Pointing forward: Music nonprofit goes big with latest eclectic act at history museum
Twin City music promoter pt.fwd [pronounced “point forward”] returns to the McLean County Museum of History next week with its latest salon: a shared bill featuring Los Angeles-based experimental musician Claire Rousay with opener Emily How.
How is a young indie rocker from Petersburg, who's honing her sound after early success as a folksy singer/songwriter and a brief stint on “The Voice.”
Pt.fwd recently celebrated a big milestone, crossing the five-year mark.

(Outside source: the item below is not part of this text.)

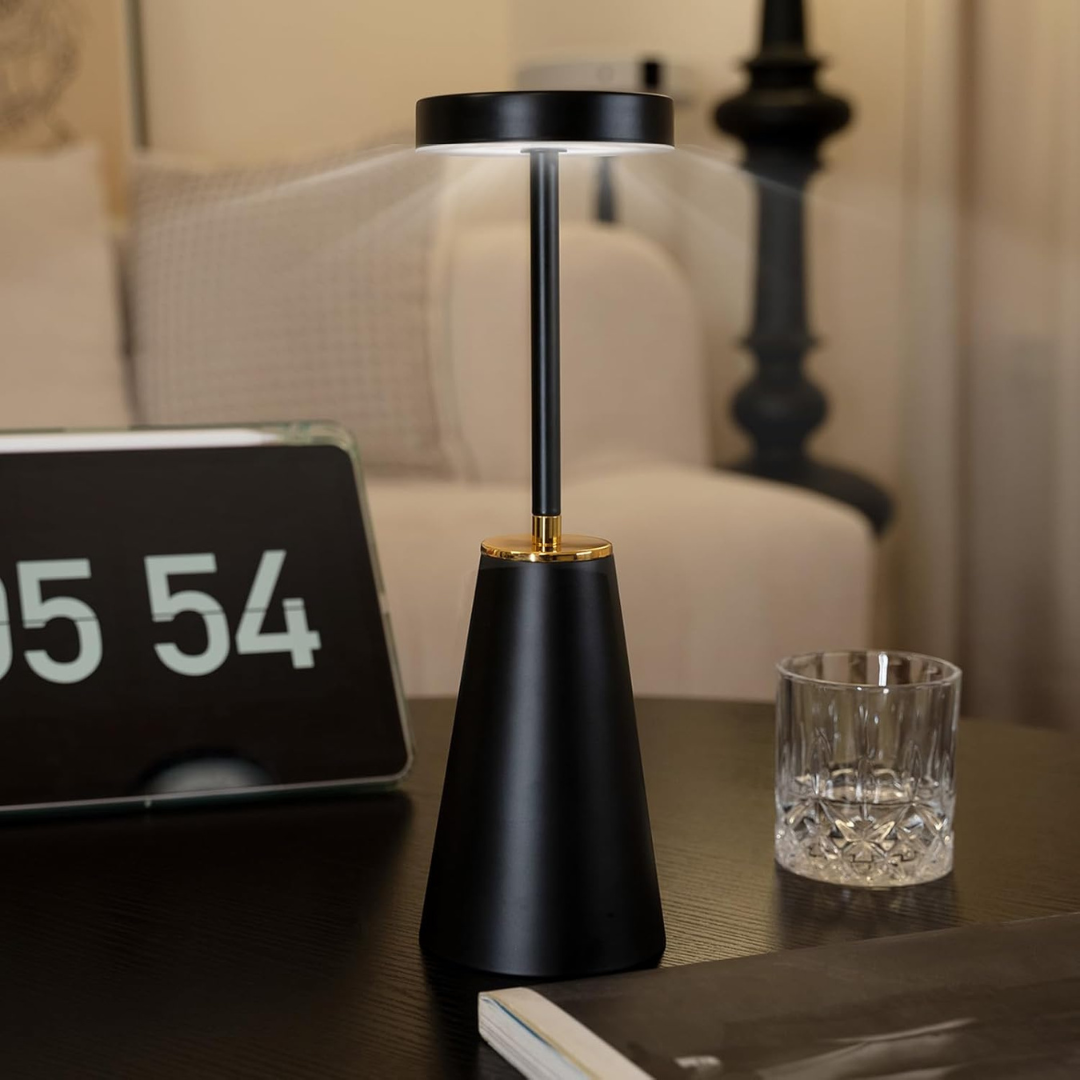Gleon - Innovativ akkubetriebene kabellose Tisch- und Schreibtischlampe für stimmungsvolles und praktisches Licht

Thus most of this new nonprofit's existence was during the pandemic.
“This is our first real year back since the pandemic,” said executive director Eddie Breitweiser, who’s taking the year to ramp up Pt.fwd’s capacity.
“We’re going harder on promotions, going harder on audience growth, going harder on marketing and all those kinds of things,” he said. That has included first-ever fundraising events, hiring a marketing intern and booking artists like Rousay, nationally recognized as one to watch in experimental music.
Rousay collects thousands of hours of field recordings, layering bits and bobs from everyday life within a sound that’s deeply personal and, lately, has become increasingly melodic. She fits right in the pocket of Breitweiser’s curatorial zeitgeist, which trends toward atmospheric, ambient and improvisational — but not unlistenable — electronic music.
“I launched the series to celebrate and stay in touch with the music I love,” he said. “I know that’s not always the most common type of music that people like. What’s interesting to me is not just sort of forcing a perspective on listeners, but actually building community and building audiences. So, what I look for in artists is people who are at the forefront of advancing what music and the world around us sounds like today — but doing it in a way that draws people in.”
Rousay builds her music in real time, engaging the audience with prompts and folding in voice memos and atmospheric sounds that will be in ample supply in the museum’s cavernous rotunda. Breitweiser said it’s hard to describe her music and is best experienced live.
“I’ve had the good fortune of seeing her play twice now,” he said. “When you listen to her recordings, you don’t totally understand how multi-sensory it is. I love music that demands to be seen in person.”
It was a Harmon Arts Grant that made it possible to get Rousay here. Indeed, the lion’s share of Pt.fwd’s miniscule budget is earmarked to pay each artist in the series. Breitweiser has yet to draw a paycheck, but grants and Pt.fwd’s partnership with the museum make it possible to keep concerts free and guarantee artists get paid.
That, plus a sympathetic, growing audience make Bloomington-Normal an appealing stop for reputable artists— who Breitweiser said all talk to each other. The gossip train is one reason he’s been able to attract some of the most notable musicians of the genre.
“I’ll give you a real-life example,” he said. “Two season ago, we had Jon Mueller. I’ve been a huge fan of his music and was thrilled he found out about us as an organization. Once he reached out, it was a no-brainer to bring him in. In very short order, his next two Midwest tours included dates in Bloomington-Normal.”
Claire Rousay with opener Emily How performs at 7 p.m. Nov. 9 at the McLean County Museum of History. Details about the free concert at ptfwd.org.